Section: Research Program
Ultra-scale Optimization
The third line of our research program that accentuates our difference from other (project-)teams of the related Inria scientific theme is the ultra-scale optimization. This research line is complementary to the two others, which are sources of massive parallelism and with which it should be combined to solve BOPs. Indeed, ultra-scale computing is necessary for the effective resolution of the large amount of subproblems generated by decomposition of BOPs, parallel evaluation of simulation-based fitness and metamodels, etc. These sources of parallelism are attractive for solving BOPs and are natural candidates for ultra-scale supercomputers (In the context of Bonus , supercomputers are composed of several massively parallel processing nodes (inter-node parallelism) including multi-core processors and GPUs (intra-node parallelism).). However, their efficient use raises a big challenge consisting in managing efficiently a massive amount of irregular tasks on supercomputers with multiple levels of parallelism and heterogeneous computing resources (GPU, multi-core CPU with various architectures) and networks. Raising such challenge requires to tackle three major issues, scalability, heterogeneity and fault-tolerance, discussed in the following.
The scalability issue requires, on the one hand, the definition of scalable data structures for efficient storage and management of the tremendous amount of subproblems generated by decomposition [45]. On the other hand, achieving extreme scalability requires also the optimization of communications (in number of messages, their size and scope) especially at the inter-node level. For that, we target the design of asynchronous locality-aware algorithms as we did in [41], [48]. In addition, efficient mechanisms are needed for granularity management and coding of the work units stored and communicated during the resolution process.
Heterogeneity means harnessing various resources including multi-core processors within different architectures and GPU devices. The challenge is therefore to design and implement hybrid optimization algorithms taking into account the difference in computational power between the various resources as well as the resource-specific issues. On the one hand, to deal with the heterogeneity in terms of computational power, we adopt in Bonus the dynamic load balancing approach based on the Work Stealing (WS) asynchronous paradigm (A WS mechanism is mainly defined by two components: a victim selection strategy which selects the processing core to be stolen and a work sharing policy which determines the part and amount of the work unit to be given to the thief upon WS request.) at the inter-node as well as at the intra-node level. We have already investigated such approach, with various victim selection and work sharing strategies in [48], [7]. On the other hand, hardware resource specific-level optimization mechanisms are required to deal with related issues such as thread divergence and memory optimization on GPU, data sharing and synchronization, cache locality, and vectorization on multi-core processors, etc. These issues have been considered separately in the literature including our works [9], [1]. Indeed, in most of existing works related to GPU-accelerated optimization only a single CPU core is used. This leads to a huge resource wasting especially with the increase of the number of processing cores integrated into modern processors. Using jointly the two components raises additional issues including data and work partitioning, the optimization of CPU-GPU data transfers, etc.

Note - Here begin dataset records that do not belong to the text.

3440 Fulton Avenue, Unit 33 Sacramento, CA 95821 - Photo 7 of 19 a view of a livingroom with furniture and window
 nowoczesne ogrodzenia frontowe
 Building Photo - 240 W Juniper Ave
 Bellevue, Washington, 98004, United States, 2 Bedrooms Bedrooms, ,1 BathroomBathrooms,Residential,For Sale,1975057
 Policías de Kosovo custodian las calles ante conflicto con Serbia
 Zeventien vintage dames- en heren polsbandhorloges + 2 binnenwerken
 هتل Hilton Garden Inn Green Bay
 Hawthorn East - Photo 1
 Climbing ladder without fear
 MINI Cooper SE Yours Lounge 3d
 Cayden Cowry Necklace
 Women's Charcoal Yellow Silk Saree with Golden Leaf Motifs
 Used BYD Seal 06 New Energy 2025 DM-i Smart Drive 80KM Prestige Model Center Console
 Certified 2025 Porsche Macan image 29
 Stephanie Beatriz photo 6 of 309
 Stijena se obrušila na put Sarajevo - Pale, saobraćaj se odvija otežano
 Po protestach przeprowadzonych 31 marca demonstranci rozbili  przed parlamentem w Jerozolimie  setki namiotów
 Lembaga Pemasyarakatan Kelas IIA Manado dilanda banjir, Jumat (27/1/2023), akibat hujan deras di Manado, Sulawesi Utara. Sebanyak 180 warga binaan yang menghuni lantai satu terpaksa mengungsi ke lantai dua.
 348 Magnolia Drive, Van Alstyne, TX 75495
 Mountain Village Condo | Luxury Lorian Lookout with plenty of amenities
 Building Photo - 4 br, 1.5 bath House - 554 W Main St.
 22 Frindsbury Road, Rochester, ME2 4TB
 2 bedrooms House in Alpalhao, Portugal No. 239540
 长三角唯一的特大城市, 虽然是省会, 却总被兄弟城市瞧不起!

Another issue the scalability induces is the increasing probability of failures in modern supercomputers [46]. Indeed, with the increase of their size to millions of processing cores their MTBF tends to be shorter and shorter [44]. Failures may have different sources including hardware and software faults, silent errors, etc. In our context, we consider failures leading to the loss of work unit(s) being processed by some thread(s) during the resolution process. The major issue, which is particularly critical in exact optimization, is how to recover the failed work units to ensure a reliable execution. Such issue is tackled in the literature using different approaches: algorithm-based fault tolerance, checkpoint/restart (CR), message logging and redundancy. The CR approach can be system-level, library/user-level or application-level. Thanks to its efficiency in terms of memory footprint, adopted in Bonus [2], the application-level approach is commonly and widely used in the literature. This approach raises several issues mainly: what is critical information which defines the state of the work units and allows to resume properly their execution? when, where and how (using which data structures) to store it efficiently? how to deal with the two other issues: scalability and heterogeneity?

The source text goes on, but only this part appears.